Goal of the exercise =>
Make an exact copy of the lines from the top of the entries below through the line with "So on the top". Leave all pictures out.

Collected data:
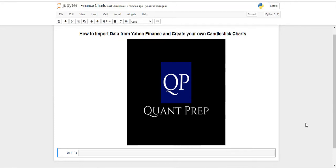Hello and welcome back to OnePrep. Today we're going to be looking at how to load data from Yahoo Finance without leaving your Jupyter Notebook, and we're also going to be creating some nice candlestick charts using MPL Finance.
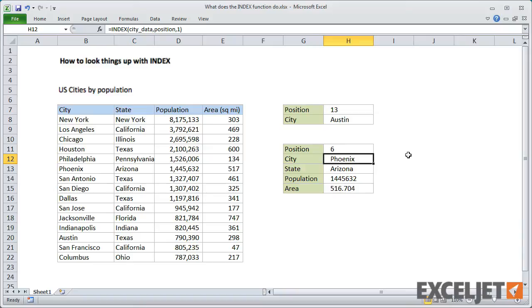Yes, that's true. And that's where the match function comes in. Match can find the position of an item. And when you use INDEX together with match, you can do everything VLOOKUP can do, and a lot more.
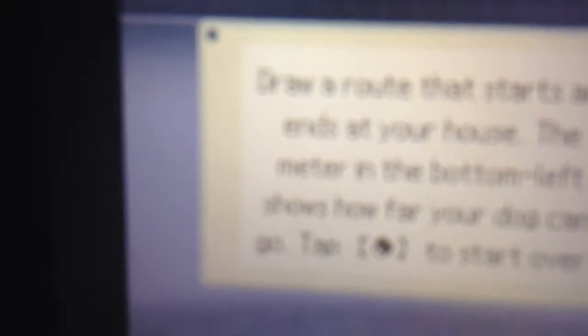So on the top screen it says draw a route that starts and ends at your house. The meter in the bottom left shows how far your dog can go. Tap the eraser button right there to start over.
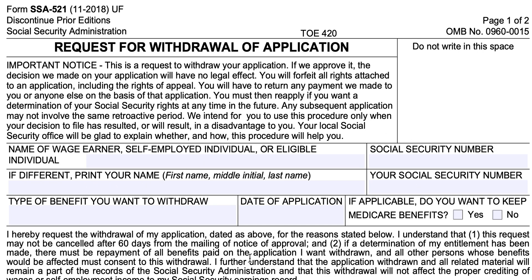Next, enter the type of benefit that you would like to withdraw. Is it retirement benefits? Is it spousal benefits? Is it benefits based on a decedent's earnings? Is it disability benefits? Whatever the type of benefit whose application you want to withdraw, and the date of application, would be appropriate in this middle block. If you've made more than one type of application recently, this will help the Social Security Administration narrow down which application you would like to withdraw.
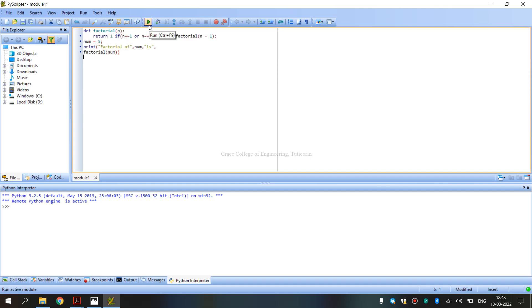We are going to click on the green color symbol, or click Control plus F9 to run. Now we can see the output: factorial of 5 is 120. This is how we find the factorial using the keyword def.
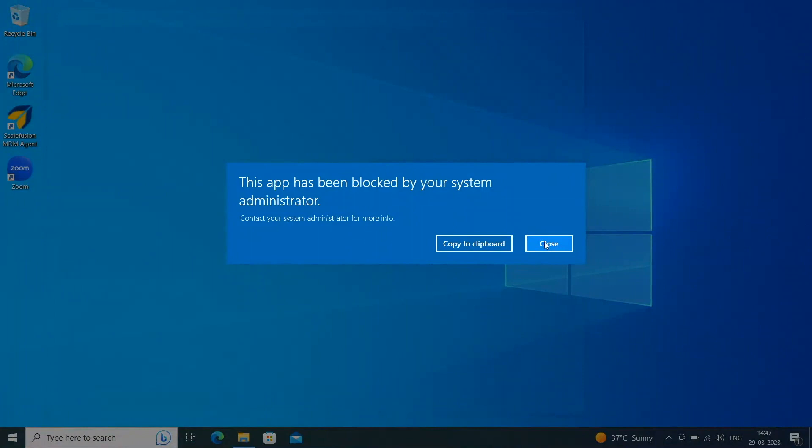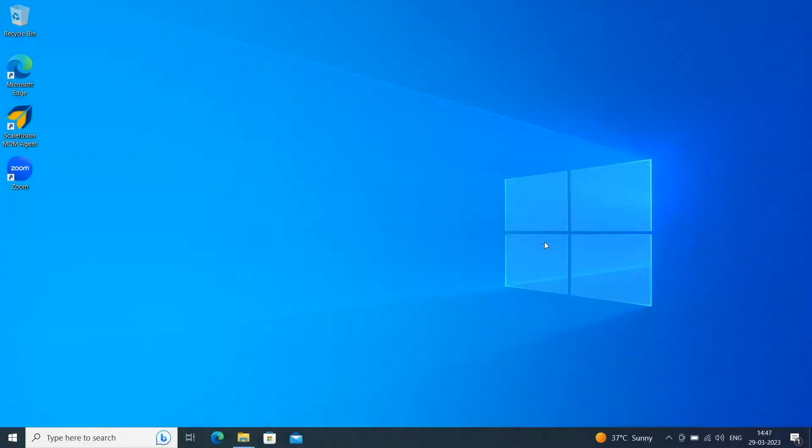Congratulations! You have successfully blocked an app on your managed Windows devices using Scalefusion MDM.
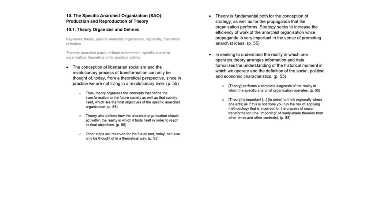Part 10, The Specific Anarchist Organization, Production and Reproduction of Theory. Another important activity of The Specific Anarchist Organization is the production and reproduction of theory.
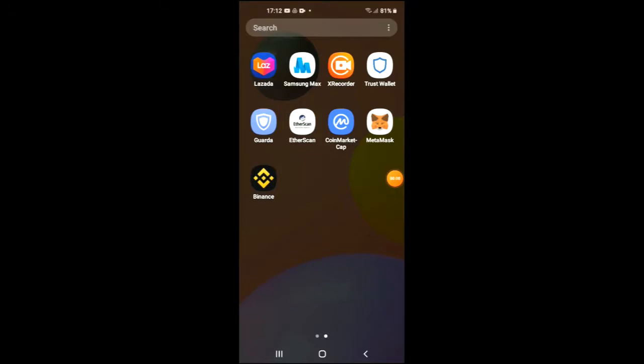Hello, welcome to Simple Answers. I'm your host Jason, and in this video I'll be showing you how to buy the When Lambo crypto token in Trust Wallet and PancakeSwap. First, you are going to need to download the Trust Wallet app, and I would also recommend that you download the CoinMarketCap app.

Response area =>
Hello and welcome back to OnePrep. Today we're going to be looking at how to load data from Yahoo Finance without leaving your Jupyter Notebook, and we're also going to be creating some nice candlestick charts using MPL Finance.
Yes, that's true. And that's where the match function comes in. Match can find the position of an item. And when you use INDEX together with match, you can do everything VLOOKUP can do, and a lot more.
So on the top screen it says draw a route that starts and ends at your house. The meter in the bottom left shows how far your dog can go. Tap the eraser button right there to start over.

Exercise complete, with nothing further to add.